Various Graphical Aspects
As we noted earlier, Gears 5 is easily one of the best looking games of this generation and this is all down to some extensive customization work that The Coalition have done with Unreal Engine 4. The very first thing we want to talk about are the various post processing effects. Everything from firing bullets to throwing grenades and from using chainsaw to enemies getting blown to bits, particle effects has been used generously. The game has a sparkier look and feel to it compared to some of the earlier games in the series, thanks to The Coalition not shying away from using effects wherever possible.
Lightning too has undergone a major revamp in Gears 5. Whether it is enclosed dark areas or well-lit large open world hubs, volumetric lighting has been used in abundance to add a specific mood to the environment. Thanks to a complete adherence to physical lighting, objects like guns, armour or several random materials reflect and refract light in a way that close to their real life counterparts.
Character models employ complex skin shaders which helps them to look eerily close to real life in some cases. Animation work is top notch; from the way the various in-game characters move and react to the in-game proceedings add a sense of realism and urgency in the game.

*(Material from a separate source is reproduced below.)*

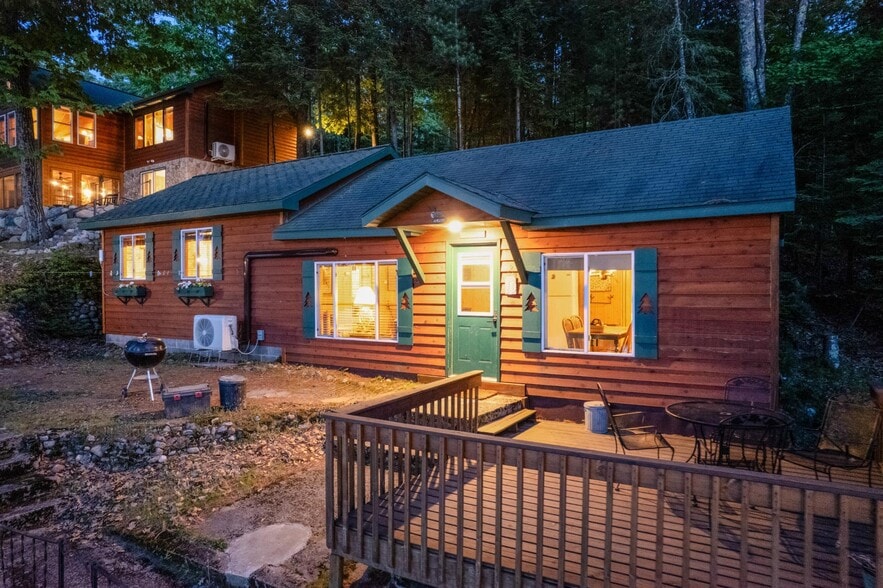8971 Thoroughfare Rd, Minocqua, WI à vendre - Photo du bâtiment - Image 3 de 16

One of the highlights of Gears 5 is it in-engine cutscenes. The Coalition uses in-game assets to render these cutscenes in very high fidelity, ramping up post processing and anti-aliasing in the process. Obviously, the gameplay doesn’t look as good but it does come very close. A custom anti-aliasing solution, possibly MSAA has been utilized to deliver a crisp and clear image across all platforms, although we witnessed some jaggies on the base Xbox One version.
Much has been made out of the open world elements in Gears 5 and although they are technically just that, they serve as a hub to connect two major areas. The open world streaming tech is quite well done and we can’t wait to see what the developers do with it in the future. One of the first open world areas we visited was fully covered in snow, and thanks to a custom tessellation solution it looked pretty amazing.
And we can’t close out this section without mentioning the sound design. The voice acting is pretty much exemplary throughout the campaign, the guns sound great and even the smallest object creating an echo in a dark, silent location has been captured really well.
What The Coalition has achieved with Gears 5 is nothing short of extraordinary. A lot of work has clearly gone into optimizing all three platforms according to their strengths and improving the visual fidelity compared to Gears 4. The base Xbox One version does a decent job of proving a great Gears experience although with performance compromises. The Xbox One X, too, excels with phenomenal adherence to 60fps and a large operating resolution but it’s the PC version that is truly head and shoulders above the console versions. Featuring a wide variety of options and the inclusion of Ultra Textures really sets it apart from other platforms. Regardless of whatever platform you play the game on, you can be assured of one thing. Gears of War is back with a bang!